▸ Task objective: Set down, word for word, every line of the material below from the one containing "Michael Jordan 1989 Fleer Sticker #3 PSA 6" through the one containing "1920s shoes - 1915", but none of its pictures.

▸ Given data:
-- -- --
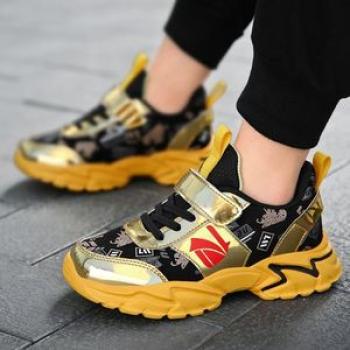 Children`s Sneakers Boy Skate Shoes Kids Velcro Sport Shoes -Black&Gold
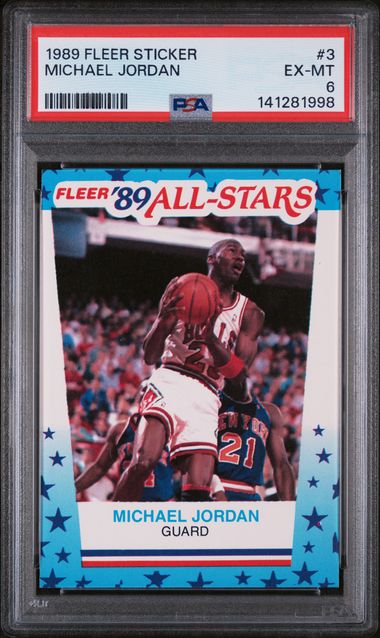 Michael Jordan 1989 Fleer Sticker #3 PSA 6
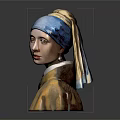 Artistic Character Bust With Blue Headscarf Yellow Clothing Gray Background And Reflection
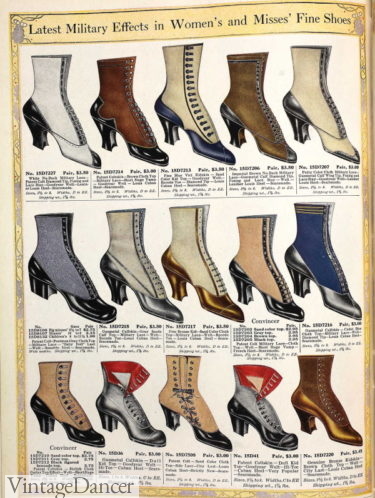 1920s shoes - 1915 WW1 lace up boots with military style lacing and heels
-- -- --
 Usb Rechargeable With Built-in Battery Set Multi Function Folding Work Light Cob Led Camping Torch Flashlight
-- -- --
▸ Output:
 Michael Jordan 1989 Fleer Sticker #3 PSA 6
 Artistic Character Bust With Blue Headscarf Yellow Clothing Gray Background And Reflection
 1920s shoes - 1915 WW1 lace up boots with military style lacing and heels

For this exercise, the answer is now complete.